Some of that stuff, I didn't actually allow him to have. I mean, they were in a tech level 4 town, so a "long sword" and "chainmail" were actually hard to come by in this town, let alone things like locks and disappearing ink.

Lemon Juice is that hard to get hold of?
 

We keep track of mundane items. Mostly because in my current campaign, there's no stores and nowhere to replace anything.

The rogue is now down to his third last lockpick. :)
 

It seems to be an important part of the rules. We keep track of mundane items the same way they keep track of magical items.

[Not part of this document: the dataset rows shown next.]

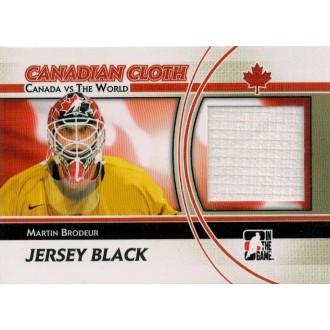 Jersey karty - Brodeur Martin - 2011-12 ITG Canada vs The World Canadian Cloth Black No.CCM-04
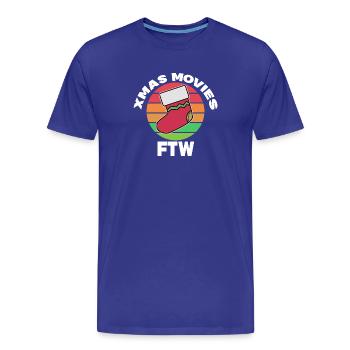 Theatre Streaming Cinema Movies Cineaste Movie Night - Men's Premium Organic T-Shirt - royal blue - Front - Damien (186cm)
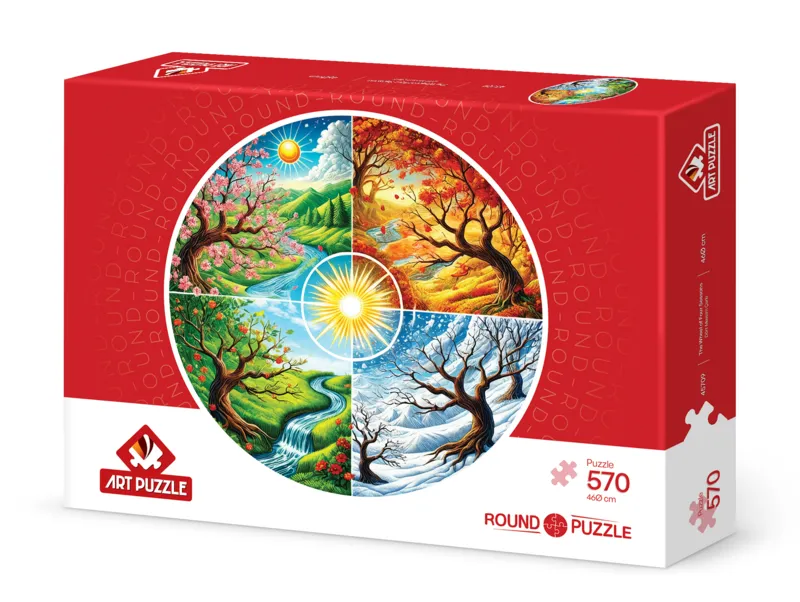 Puzzle Rond - La Roue des Quatre Saisons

What a chaotic game we'd have if we just let people pull out whatever they want at any time... who nees gold then.
 

My players hardly put anything on their sheets unless it's magical, odd enough to make note of, or extremely expenssive I handwave a lot of stuff, unless I have good reason to suspect they don't have it in which case I ask. If they can't answer reasonably, they don't have it.

My players often say "and we grab some adventuring/dungeoneering stuff" and that is fine with me - I hardly want to waste game time roleplaying through the haggling, or even waiting why they look through price lists. Accounting and encumbrance just aren't important enough a part of the game aspect of D&D to interest me, and they are rarely an important part of the 'story' side either. And the game hardly falls into a state of anarchy.
 

You must write it down, but I don't really track encumbrance for anyone that doesn't mind light encumbrance. If you are a 10 strength rogue, using your 30 foot move rate, I'd like you to check up on ecumbrance. Although I'm getting less and less strict, with that kind of stuff moving more and more to the background of the game.
 

Yes I do enforce the presence or abscence of items on a PC as well as any possible encumberance issues. However, most of my players manage this without me having to.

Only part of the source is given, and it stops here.